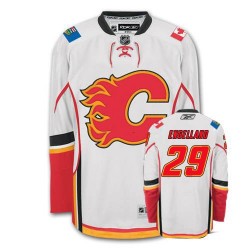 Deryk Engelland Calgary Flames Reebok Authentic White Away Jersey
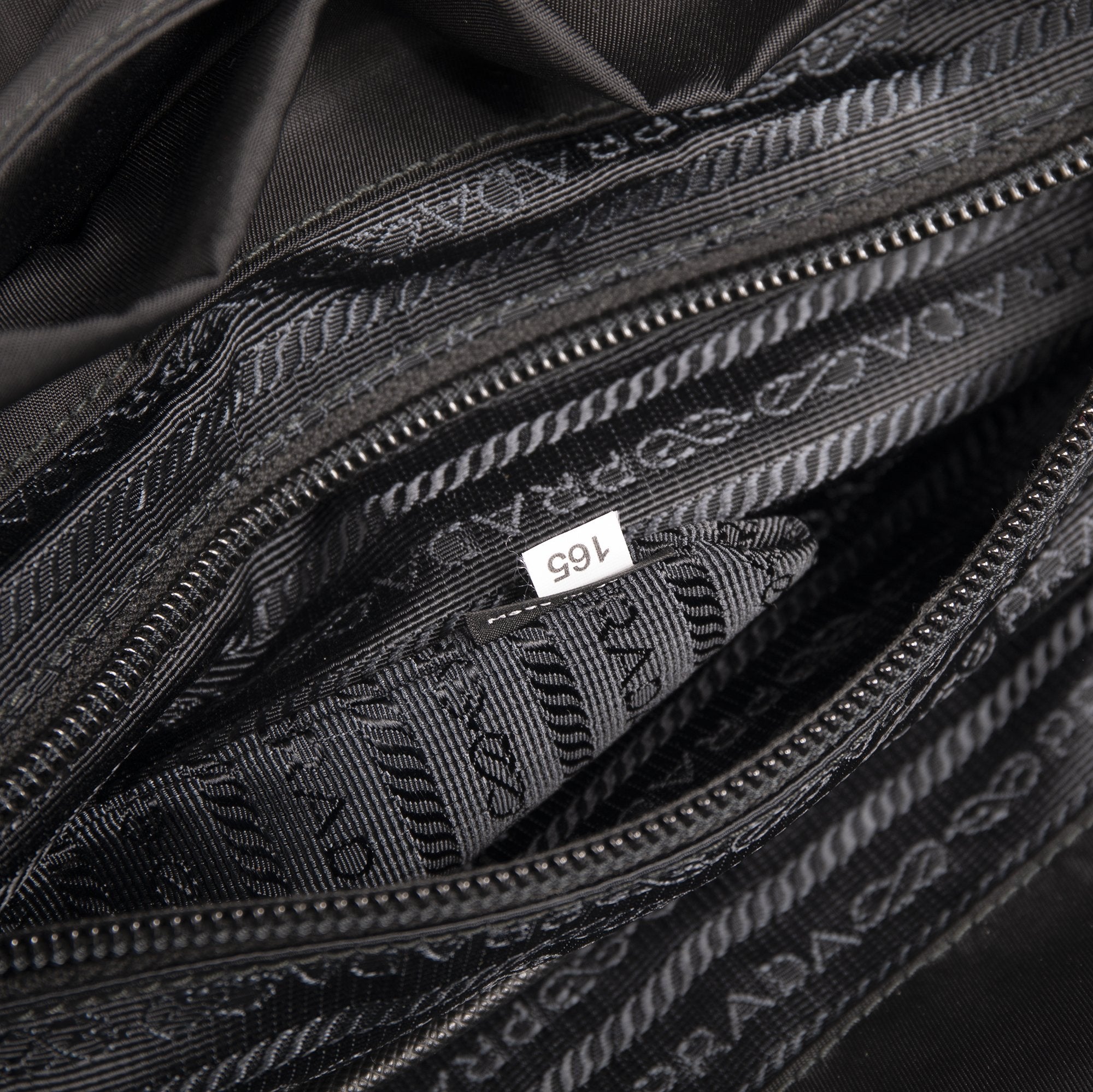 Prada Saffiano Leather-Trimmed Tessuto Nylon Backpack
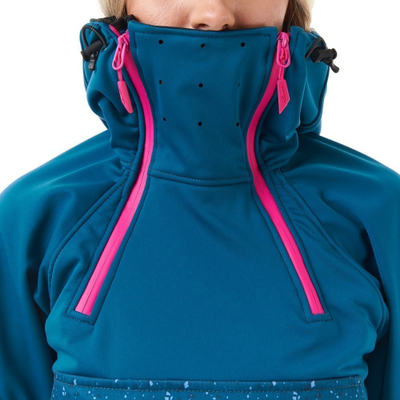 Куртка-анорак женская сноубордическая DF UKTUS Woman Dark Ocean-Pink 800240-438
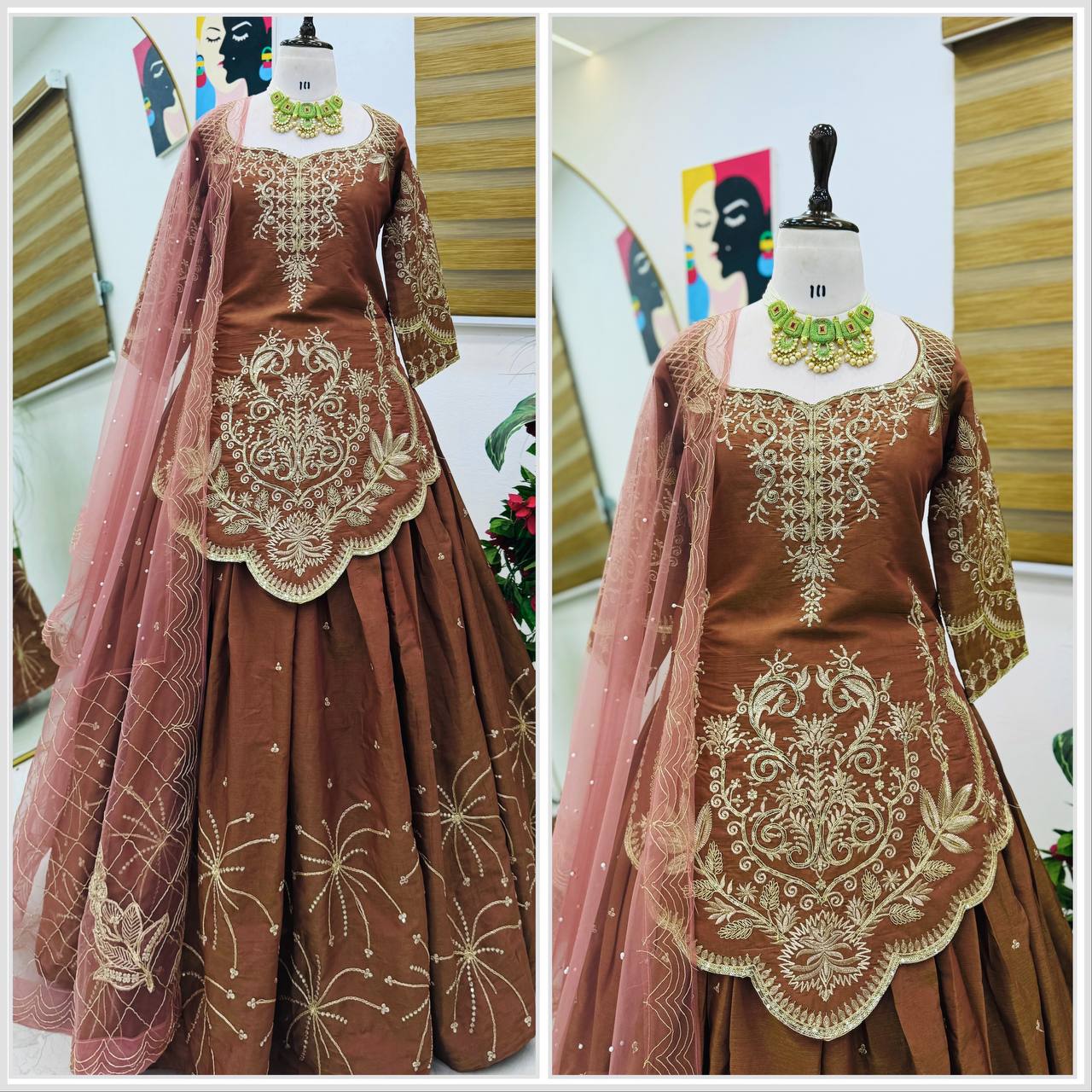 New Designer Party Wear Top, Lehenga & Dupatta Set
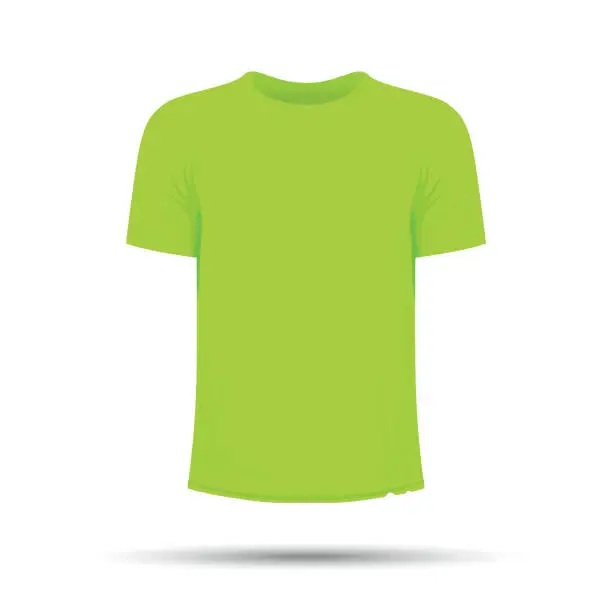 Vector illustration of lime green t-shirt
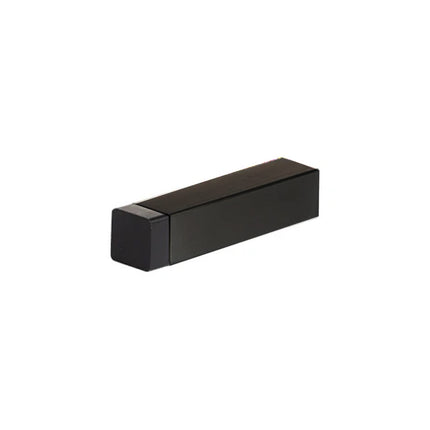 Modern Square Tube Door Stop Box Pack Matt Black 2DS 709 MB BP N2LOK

> [Work to be completed] With the pictures left out, return the listing above exactly as it stands.

> [Response to this exercise]
 Deryk Engelland Calgary Flames Reebok Authentic White Away Jersey
 Prada Saffiano Leather-Trimmed Tessuto Nylon Backpack
 Куртка-анорак женская сноубордическая DF UKTUS Woman Dark Ocean-Pink 800240-438
 New Designer Party Wear Top, Lehenga & Dupatta Set
 Vector illustration of lime green t-shirt
 Modern Square Tube Door Stop Box Pack Matt Black 2DS 709 MB BP N2LOK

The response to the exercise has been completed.